I must not have paid proper homage to Dr. Gorrie over the years, because since Hurricane Michael I seem to have been targeted by AC demons intent on sweating me to death – always after hours.

Back in 1851, Dr. John Gorrie of Apalachicola was granted the first U.S. patent for "mechanical refrigeration." It was 1902 before Willis Carrier was credited with inventing the first "modern" air-conditioning system and four more years passed before Frigidaire brought to market a system small enough for home use.

The day after that, I'm convinced, came the invention of the air conditioner repairman.

Besides electricity, there's really nothing we care more about or can least do without on a standard August day in Northwest Florida than air conditioning. Really, electricity takes first place only because you need it to power the air conditioner.

Short of the birth of my son and a few family milestones, I've never experienced the likes of the joy that encompassed me the first time my old AC died and, as I sat outside fanning myself with palm leaves, my head encased in an ice-filled towel, I spotted the air-conditioner repairman's truck pulling up.

Having the keys to the AC repair kits and AC installation tools is a powerful thing.

Most of the folks from Bay County east to Franklin County went without it immediately after Hurricane Michael but there was strength in numbers, comfort in the knowledge that we were not suffering alone.

But even that restoration of sweet relief was delayed at my house, as, something like 13 days after the storm, give or take, power started returning to my neighbors' homes. But not mine.

After a few days I finally short-circuited and Tweeted to Gulf Power some snarky comment about everyone but me having power on my street.

Speaking of power: Social media! Because within minutes my phone was ringing and the very kind Sandy Sims was reaching out.

"Caz, did you turn on the breaker for the power?" she asked.

"I checked all the breakers, in the house and the garage, and they're all good," I replied.

"No," she said, "the breaker on the outside of the house where the power feeds into the meter."

Well, I learned something new that day.

Since then, though, it's just been odd. The AC went out twice - after hours - for no discernible reason and the repairman fixed it though he wasn't 100 percent sure how. Then, in Atlanta for Memorial Day, the AC went out in my new car on our return trip with the outside temperature reading 100 degrees. It was so hot that even though we were in a convertible, it was less miserable to leave the top up than expose ourselves to the sun.

Recently I woke up at 4 a.m. sweating and immediately knew the AC was out. The thermostat said it was already 86 degrees inside.

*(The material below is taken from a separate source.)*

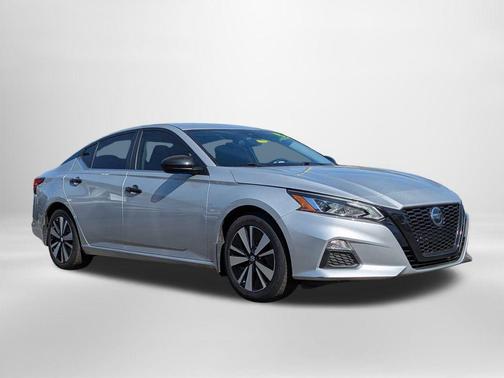 2021 Nissan Altima 2.5 SV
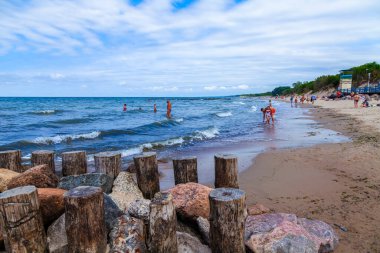 Zelenogradsk, Rusya, 28 Haziran 2021. İnsanlar plajda dinlenip güneşleniyor.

I checked the breaker this time and then gave up and called for help.

Shortly after 8 a.m., as I awaited the call-back from a repair business, my neighbor knocked on my door to ask if my AC was working. Was I sweating so bad they could sense it from across the street, I wondered?

He told me that even though his home had power, like mine, his AC also wasn't working. But he had already, somehow, diagnosed the problem as being a failing transformer, producing enough power to run our homes but not anything running off 220 volts. While I was pretty sure he was just making stuff up, I called the repairman off.

We returned from breakfast to a cooling house.

Here's the thing about walking out of the heat and humidity of Northwest Florida and into an air-conditioned room — that blast of cold air takes the sting out of sweaty heat just like a kiss from a beautiful woman takes the sting out of a black eye, it just didn't matter anymore, we were happy.